Messina

Quellen:
Text:  Kapitel 1Reisebericht "Aus Sizilien" von , erschienen
Überschriften, Bilder und Kommentare:  Britta Bohn
Veröffentlicht am:  24. März 2012
Letzte Änderung:  13. Mai 2020

 

Von Neapel nach Messina


Die meisten Fremden fahren von Neapel nach Palermo und beginnen von dort ihre Reise durch Sizilien. Ich habe es vorgezogen, zuerst nach Messina zu gehen, der alten Mahnung treu, überall von dem Kleinen zum Größeren, von dem Einfachen zum Bedeutenderen fortzuschreiten.

Die Fahrt ist bei gutem Wetter sehr genußreich. Man sieht die herrliche Bucht von Neapel allmählich entschwinden und befindet sich bald auf dem offenen Meere, bis endlich fern im Osten der massive Kegel des Stromboli auftaucht, der unablässig Rauchwolken aus seinem Krater entsendet und zuerst an die Nähe der vulkanischen Insel erinnert.

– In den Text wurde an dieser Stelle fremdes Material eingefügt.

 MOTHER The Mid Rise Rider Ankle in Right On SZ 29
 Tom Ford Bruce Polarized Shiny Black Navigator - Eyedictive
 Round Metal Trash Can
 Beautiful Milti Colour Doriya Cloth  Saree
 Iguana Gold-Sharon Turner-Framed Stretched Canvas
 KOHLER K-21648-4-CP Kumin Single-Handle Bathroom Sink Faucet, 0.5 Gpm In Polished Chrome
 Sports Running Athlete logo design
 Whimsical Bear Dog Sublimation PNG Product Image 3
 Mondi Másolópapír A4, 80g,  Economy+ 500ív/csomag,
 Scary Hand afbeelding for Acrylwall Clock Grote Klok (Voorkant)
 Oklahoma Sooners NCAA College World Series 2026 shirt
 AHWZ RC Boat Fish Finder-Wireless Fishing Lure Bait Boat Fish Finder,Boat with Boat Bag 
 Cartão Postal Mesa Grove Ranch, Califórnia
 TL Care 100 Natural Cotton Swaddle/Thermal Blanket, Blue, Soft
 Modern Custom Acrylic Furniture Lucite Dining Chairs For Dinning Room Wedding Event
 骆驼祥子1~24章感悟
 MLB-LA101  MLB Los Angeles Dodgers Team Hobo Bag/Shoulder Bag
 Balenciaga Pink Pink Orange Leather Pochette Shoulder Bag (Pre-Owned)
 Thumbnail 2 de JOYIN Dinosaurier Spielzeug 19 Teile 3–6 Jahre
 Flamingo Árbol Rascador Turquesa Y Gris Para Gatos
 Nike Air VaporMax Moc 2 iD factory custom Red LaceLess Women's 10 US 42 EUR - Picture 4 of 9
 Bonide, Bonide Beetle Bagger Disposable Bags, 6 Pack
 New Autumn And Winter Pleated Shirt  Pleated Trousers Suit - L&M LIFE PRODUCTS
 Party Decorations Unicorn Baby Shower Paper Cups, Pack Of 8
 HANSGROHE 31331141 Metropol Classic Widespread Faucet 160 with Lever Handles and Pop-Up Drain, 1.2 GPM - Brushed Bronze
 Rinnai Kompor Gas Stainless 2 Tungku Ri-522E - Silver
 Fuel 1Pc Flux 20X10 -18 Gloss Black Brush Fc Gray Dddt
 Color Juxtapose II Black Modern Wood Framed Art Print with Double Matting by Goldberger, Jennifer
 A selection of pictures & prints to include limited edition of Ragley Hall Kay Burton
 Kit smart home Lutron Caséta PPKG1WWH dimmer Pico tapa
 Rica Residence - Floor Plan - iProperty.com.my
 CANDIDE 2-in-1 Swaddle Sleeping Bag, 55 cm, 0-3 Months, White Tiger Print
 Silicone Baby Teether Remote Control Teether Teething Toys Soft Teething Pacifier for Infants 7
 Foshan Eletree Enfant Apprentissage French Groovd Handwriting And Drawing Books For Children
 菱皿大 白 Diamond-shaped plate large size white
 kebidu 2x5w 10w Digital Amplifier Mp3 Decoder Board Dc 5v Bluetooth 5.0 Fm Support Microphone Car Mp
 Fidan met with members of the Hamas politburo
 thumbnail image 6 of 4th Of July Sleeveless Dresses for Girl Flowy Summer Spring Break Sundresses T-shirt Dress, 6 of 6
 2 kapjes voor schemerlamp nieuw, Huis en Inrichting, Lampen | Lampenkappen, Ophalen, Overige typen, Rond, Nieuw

Nach und nach erscheinen die Formen des sizilianischen Gebirges, das keineswegs durch seine Höhe, wohl aber durch sein wildes, fast ungastliches Aussehen ausfällt. Wer an die sanften, anmutigen Linien der Apenninen gewöhnt ist, die sich, um einen Ausdruck Hehns zu gebrauchen, wie ein Tempeldach längs dem Horizonte hinziehen, wird sich durch die kühne und schroffe Bildung des sizilianischen Gebirges gerade bei Messina nicht wenig überrascht fühlen.

Und doch war einstmals an dieser Stelle Sizilien mit Italien zu einem Kontinente verbunden. Schon die griechischen Geographen haben die Insel ein vom Festlande abgerissenes Stück genannt und damit einer Überzeugung Ausdruck gegeben, die Virgil in die folgenden Worte faßt:

"Dort durch Gewalt vormals und erschütternden Einsturz zerrüttet
Barst, wie man saget, der Grund, da vereinigt beiderlei Länder
Feste noch war; einströmte die Flut, und mit stürmender Brandung
Riß sie das Sikulerland von Hesperia; Fluren und Städte,
Durch Meerufer getrennt, durchspült nun geengeter Strudel."

Und die moderne Geologie scheint dies insofern zu bestätigen, als sie uns versichert, daß das Gebirge an beiden Seiten der Straße von Messina völlig übereinstimmend gebaut ist.

 

Ankunft in Messina


Man wird bei der Ankunft mit Ruderbooten vom Schiffe abgeholt und unter endlosem Gerede, Geschrei und Gedränge an der Marmortreppe, der "scala di marmo", ans Land gesetzt.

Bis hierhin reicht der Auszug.